Non anco vedute: avendo appena vedute.
Le stalagmiti tartaresche: gli obelischi egiziani.
E’ s’isforzò superarle di sua minchia: lui si sforzò di superarli con il proprio obelisco.
Il Minchione Ottimo Massimo: chi sia sta scritto – ovvero autografato – sull’obelisco, o stele di cui nella foto.
Superarle: l’obelisco Mussolini (opera di Costantino Costantini, 1932) supera i 36 metri, mentre l’obelisco egiziano più alto in Roma è quello lateranense, che arriva a 31 metri.
Dicevo che l’accostamento della stele del 1932 al testo gaddiano del 1952 è un mio arbitrio: non conosco luoghi a stampa dove sia attestato. E neanche altri luoghi gaddiani che lo confortino. Ma in un’altra opera dello scrittore ingegnere credo d’aver trovato dei passi paralleli che segnalo al commento che segue.
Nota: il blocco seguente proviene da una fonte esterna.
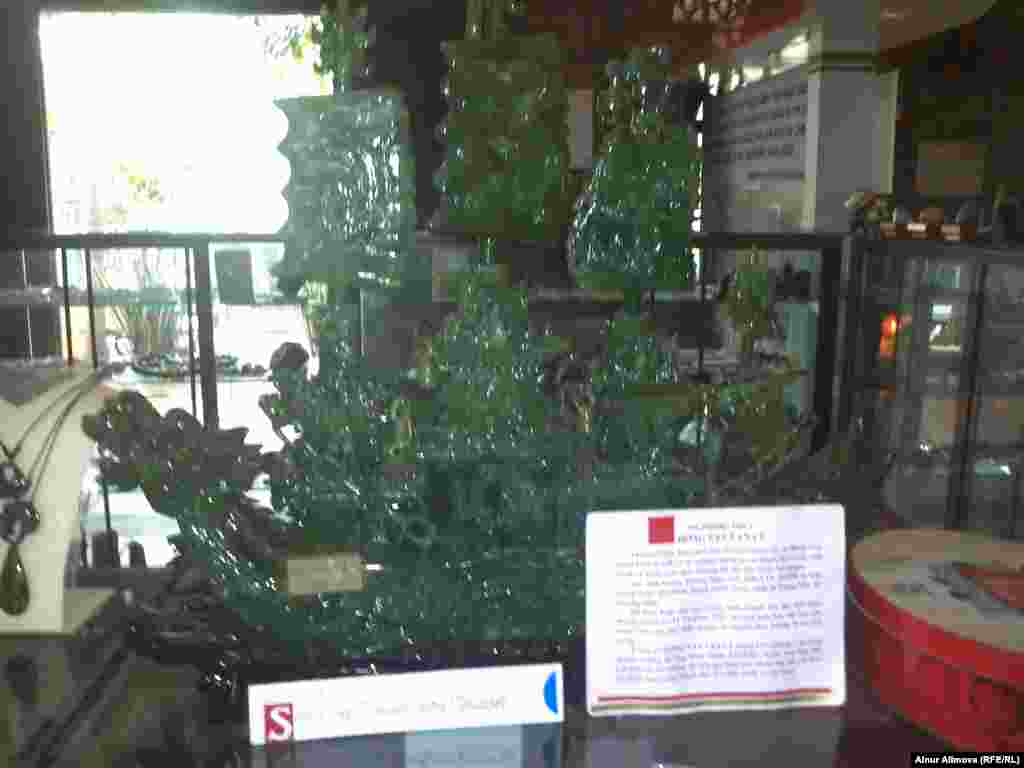 Макет сделанного из камня корабля. В комплексе &laquo;Тямские башни Пошану&raquo; представлено множество работ местных ювелиров, мастеров резьбы по дереву и камню.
Passi paralleli. Nel libello “Eros e Priapo (Da furore a cenere)” che è del 1967 Gadda ha spunti che richiamano la “favola” dell’obelisco. A pagina 168 chiama Mussolini “Trombone e Naticone ottimo massimo”. A pagina 175 deplora la “morbosa tendenza a innalzarsi” che sarebbe propria dei “narcissi”. A pagina 178 scrive: “Uno si crede Cesare perché fa iscrivere il nome Caesar su alcuni sassi”. Ma è soprattutto alla pagina 173 che troviamo un parallelo della favola 138: “Il loro ‘costume’ [dei ‘folli narcissici’] è una torre o colonna o piramide salomonica che ha da sostentare il mostruoso colosso di porfido della loro immagine integrale, che da loro è sentita come iperfallo integrale: di porfido”. Al commento che segue un’ultima chiosa sul “Gaddus” che ho messo nel titolo.
Chi sia ‘sto Gaddus. Gaddus è la latinizzazione del proprio cognome che Gadda usa spesso a mo’ di scherzo. Mi pare che la prima volta ricorra nel frontespizio del “Giornale di guerra e di prigionia”, insieme alla data del testo d’apertura: “Gaddus 1915”. Nè l’uso scherzoso del latino si ferma alla firma dell’autore o al frontespizio, perchè nel mezzo di quel diario potrai trovare un siffatto passaggio: “Hodie quel vecchio Gaddus e Duca di Sant’Aquila arrancò du’ ore per via sulle spallacce del monte Faetto”.